Conduct a hypothesis test to determine if the population mean is significantly different from 70. Use a
significance level of 0.05.


To conduct a hypothesis test to determine if the population mean is significantly different from 70 given a random sample of 30 people with a sample mean of 72 and a sample standard deviation of 10, we can perform a one-sample t-test.

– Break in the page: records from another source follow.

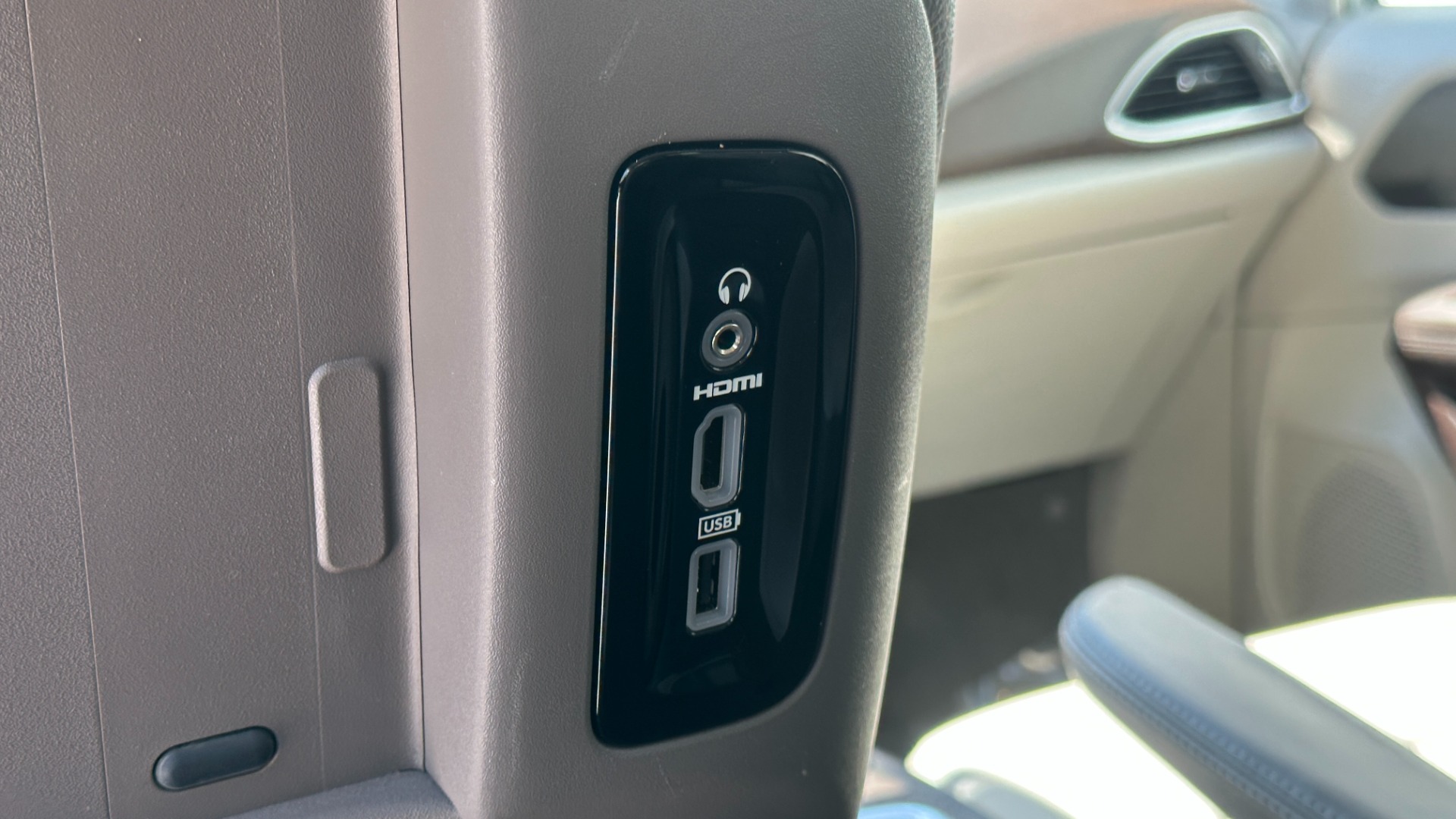Used 2017 Chrysler Pacifica Touring-L Plus / UCONNECT NAV / REAR DVD / CAPTAIN CHAIR / 3ROW for sale $21,495 at Formula Imports in Charlotte NC 28227 30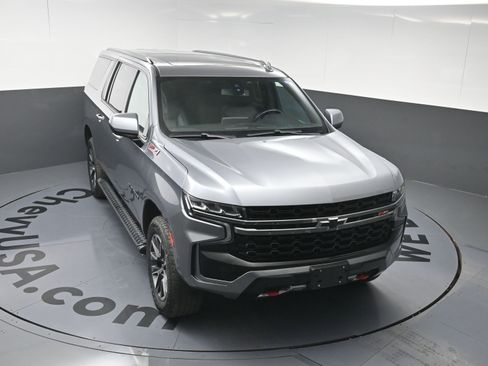 Used 2021 Chevrolet Suburban Z71 image 32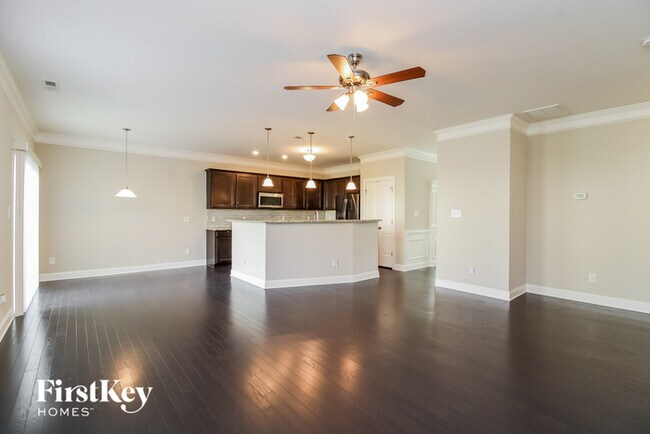 Building Photo - 2207 Talon Dr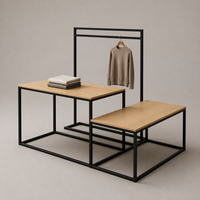 Table de présentation et portant à vêtements combinés avec cadre en métal noir et dessus en bois clair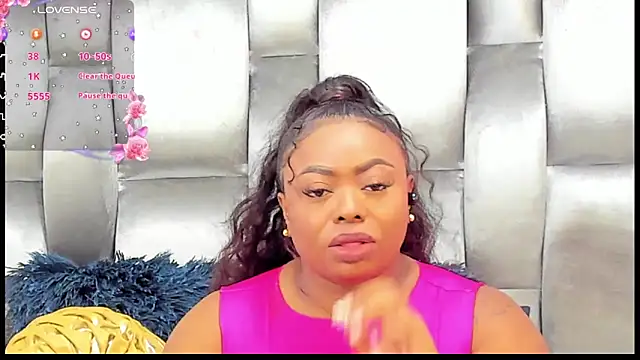CamilaBenitez online show from 04-30-26, 10:47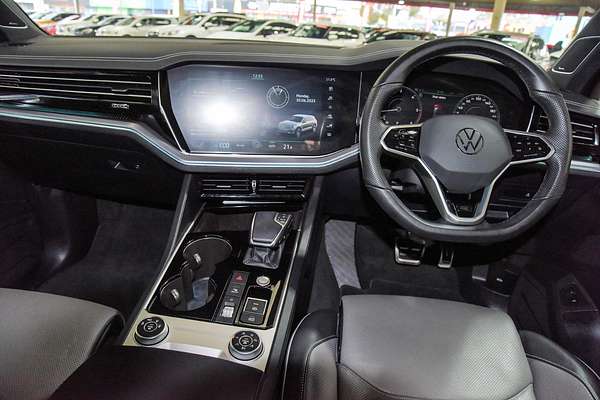 2023 Volkswagen Touareg 210TDI R-Line CR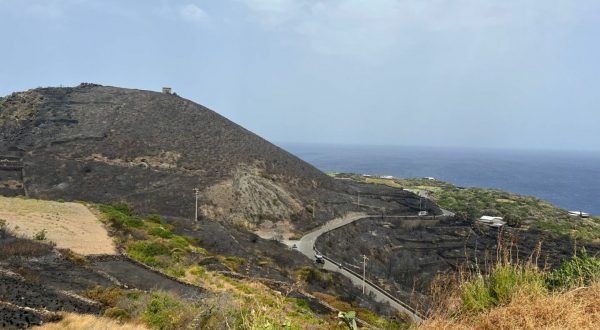 Incendio a Pantelleria, la Procura di Marsala apre un’inchiesta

Here's how you can do it in Python:

```python
from scipy.stats import t

# Sample data
sample_mean = 72
sample_std = 10
sample_size = 30
population_mean = 70

# Calculate the t-statistic
t_stat = (sample_mean - population_mean) / (sample_std / (sample_size ** 0.5))

# Degrees of freedom
df = sample_size - 1

# Calculate the critical t-value for a two-tailed test at alpha = 0.05
alpha = 0.05
critical_t = t.ppf(1 - alpha/2, df)

# Calculate the p-value
p_value = 2 * (1 - t.cdf(abs(t_stat), df))

# Print the results
print("t-statistic:", t_stat)
print("Critical t-value:", critical_t)
print("P-value:", p_value)

# Interpretation of results
if abs(t_stat) > critical_t:
    print("Reject the null hypothesis: The population mean is significantly different from 70.")
else:
    print("Fail to reject the null hypothesis: There is not enough evidence to conclude that the population mean is significantly different from 70.")
```

In this code:

- We calculate the t-statistic using the formula \(\frac{{\bar{x} - \mu}}{{s/\sqrt{n}}}\), where \(\bar{x}\) is the sample mean, \(s\) is the sample standard deviation, \(n\) is the sample size, and \(\mu\) is the population mean we are testing against (70 in this case).
- We determine the degrees of freedom (\(df\)) which is equal to \(n - 1\).
- We calculate the critical t-value for a two-tailed test at a significance level of 0.05 using the inverse cumulative distribution function (ppf) of the t-distribution.
- We calculate the p-value using the cumulative distribution function (cdf) of the t-distribution and compare it with the significance level (alpha).

Based on the results, if the absolute value of the t-statistic is greater than the critical t-value, we reject the null hypothesis and conclude that the population mean is significantly different from 70. Otherwise, we fail to reject the null hypothesis.